Be Careful What You Stip For: 'Liggett v. Lewitt Realty LLC'
The ruling from New York's highest state court, although straightforward on its face, has important implications for both long-existing settlement agreements and when considering drafting future agreements settling disputes in the context of the Rent Stabilization Law.
September 06, 2024 at 03:14 PM
8 minute read
What You Need to Know
- The NY Court of Appeals has held that a stipulation of settlement entered into by a landlord and future tenant more than two decades ago, to settle a holdover proceeding, was void as against public policy.
- The decision provides a clear warning and guidance that any stipulation of settlement, to be enforceable, must never contain an express waiver of any rights held by tenants under the rent laws.
- The decision invites challenges to any stipulations, no matter how old, that contain express waivers of rights.

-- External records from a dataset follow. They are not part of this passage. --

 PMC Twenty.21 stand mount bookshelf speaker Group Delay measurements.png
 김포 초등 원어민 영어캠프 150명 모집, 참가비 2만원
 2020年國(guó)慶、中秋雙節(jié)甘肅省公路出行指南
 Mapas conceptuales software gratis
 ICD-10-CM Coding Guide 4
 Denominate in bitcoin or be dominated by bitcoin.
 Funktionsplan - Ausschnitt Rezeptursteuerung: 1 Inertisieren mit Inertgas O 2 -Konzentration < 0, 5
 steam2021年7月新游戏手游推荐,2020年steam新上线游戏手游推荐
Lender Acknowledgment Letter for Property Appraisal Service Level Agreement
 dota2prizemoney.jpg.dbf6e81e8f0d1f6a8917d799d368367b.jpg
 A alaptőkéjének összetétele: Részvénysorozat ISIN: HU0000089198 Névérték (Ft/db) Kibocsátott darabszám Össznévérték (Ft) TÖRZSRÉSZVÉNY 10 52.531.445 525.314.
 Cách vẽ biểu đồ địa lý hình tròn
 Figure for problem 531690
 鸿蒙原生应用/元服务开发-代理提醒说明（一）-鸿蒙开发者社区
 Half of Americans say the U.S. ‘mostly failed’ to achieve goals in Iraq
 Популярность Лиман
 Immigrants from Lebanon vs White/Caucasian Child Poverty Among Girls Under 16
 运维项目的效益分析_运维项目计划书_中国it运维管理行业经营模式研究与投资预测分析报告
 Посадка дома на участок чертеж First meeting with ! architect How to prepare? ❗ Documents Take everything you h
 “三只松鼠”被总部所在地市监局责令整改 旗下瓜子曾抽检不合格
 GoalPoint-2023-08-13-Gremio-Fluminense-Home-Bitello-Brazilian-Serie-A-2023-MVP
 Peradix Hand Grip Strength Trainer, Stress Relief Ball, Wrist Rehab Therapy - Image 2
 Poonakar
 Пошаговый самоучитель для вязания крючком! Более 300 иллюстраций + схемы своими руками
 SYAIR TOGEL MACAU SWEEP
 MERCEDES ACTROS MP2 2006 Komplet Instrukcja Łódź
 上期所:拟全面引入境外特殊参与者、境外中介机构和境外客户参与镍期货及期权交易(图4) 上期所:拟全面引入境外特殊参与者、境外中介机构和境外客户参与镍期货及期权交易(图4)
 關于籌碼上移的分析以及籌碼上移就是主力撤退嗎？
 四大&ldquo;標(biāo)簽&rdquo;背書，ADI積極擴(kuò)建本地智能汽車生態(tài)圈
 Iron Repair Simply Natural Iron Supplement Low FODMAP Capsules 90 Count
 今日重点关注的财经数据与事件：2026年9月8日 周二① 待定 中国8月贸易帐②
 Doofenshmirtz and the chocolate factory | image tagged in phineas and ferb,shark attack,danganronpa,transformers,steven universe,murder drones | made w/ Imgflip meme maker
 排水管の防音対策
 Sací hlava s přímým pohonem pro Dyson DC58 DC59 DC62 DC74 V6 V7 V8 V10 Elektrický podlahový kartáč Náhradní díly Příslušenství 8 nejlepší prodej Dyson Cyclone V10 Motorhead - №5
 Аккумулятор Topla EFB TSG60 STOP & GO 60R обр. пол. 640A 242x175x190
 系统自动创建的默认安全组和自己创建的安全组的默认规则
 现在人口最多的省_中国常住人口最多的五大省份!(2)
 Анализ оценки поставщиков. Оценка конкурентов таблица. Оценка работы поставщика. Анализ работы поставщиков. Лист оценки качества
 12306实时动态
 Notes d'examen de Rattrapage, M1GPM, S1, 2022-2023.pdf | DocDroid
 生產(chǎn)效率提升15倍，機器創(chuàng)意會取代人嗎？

In June 2024, the Court of Appeals decided Liggett v. Lewitt Realty LLC, — NY3d –, 2024 NY Slip Op 03378 (2024), reversing the Appellate Division, First Judicial Department, and holding that a so-ordered stipulation of settlement entered into by a landlord and future tenant more than two decades ago, to settle a holdover proceeding in March 2000, was void as against public policy, and therefore could not provide a basis in the 2021 action for the landlord to establish that the subject apartment was properly deregulated from rent stabilization decades earlier. The ruling from New York's highest state court, although straightforward on its face, has important implications for both long-existing settlement agreements and when considering drafting future agreements settling disputes in the context of the Rent Stabilization Law.